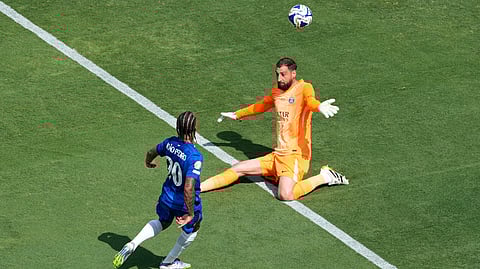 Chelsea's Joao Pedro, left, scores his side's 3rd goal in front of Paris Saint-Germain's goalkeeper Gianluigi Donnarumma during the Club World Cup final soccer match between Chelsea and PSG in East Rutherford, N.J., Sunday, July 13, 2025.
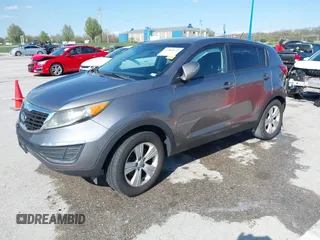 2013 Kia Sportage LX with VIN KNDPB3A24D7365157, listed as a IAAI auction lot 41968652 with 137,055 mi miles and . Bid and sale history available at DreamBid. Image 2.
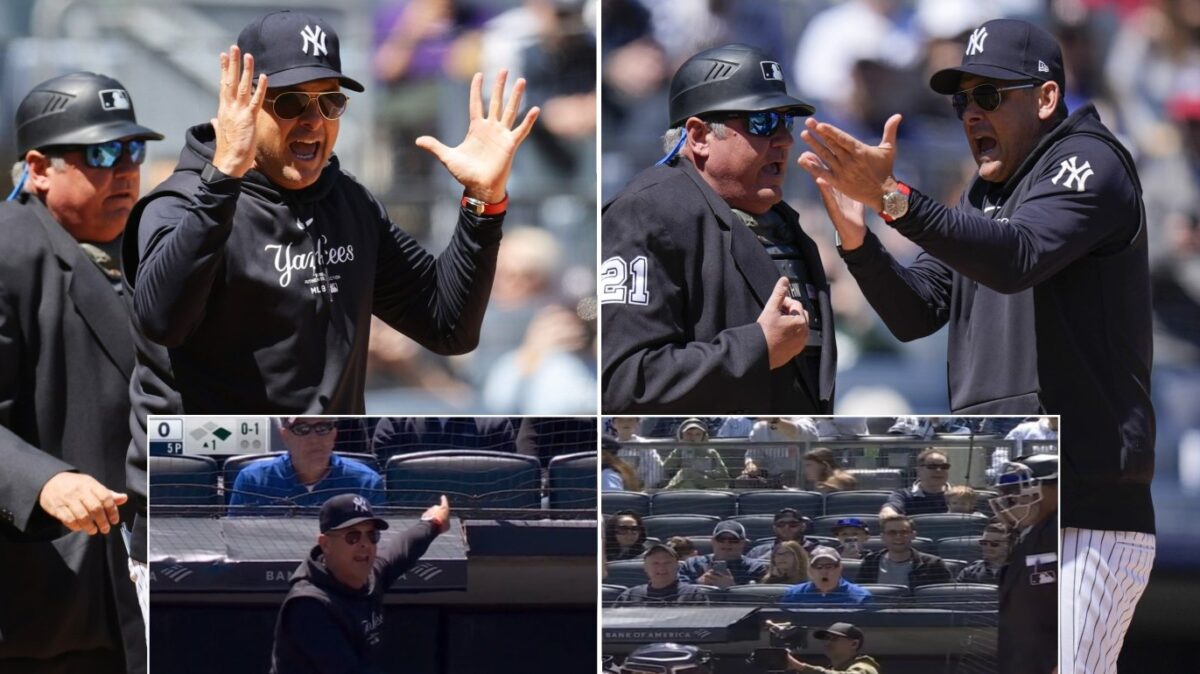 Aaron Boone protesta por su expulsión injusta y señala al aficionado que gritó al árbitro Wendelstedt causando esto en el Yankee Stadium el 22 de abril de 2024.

--

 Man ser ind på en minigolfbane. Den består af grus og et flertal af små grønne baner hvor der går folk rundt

### GOAL OF THE EXERCISE
Restate the lines above from the one containing "Chelsea's Joao Pedro, left, scores" through the one containing "Aaron Boone protesta", inclusive, exactly and without pictures.

### EXERCISE OUTPUT
 Chelsea's Joao Pedro, left, scores his side's 3rd goal in front of Paris Saint-Germain's goalkeeper Gianluigi Donnarumma during the Club World Cup final soccer match between Chelsea and PSG in East Rutherford, N.J., Sunday, July 13, 2025.
 2013 Kia Sportage LX with VIN KNDPB3A24D7365157, listed as a IAAI auction lot 41968652 with 137,055 mi miles and . Bid and sale history available at DreamBid. Image 2.
 Aaron Boone protesta por su expulsión injusta y señala al aficionado que gritó al árbitro Wendelstedt causando esto en el Yankee Stadium el 22 de abril de 2024.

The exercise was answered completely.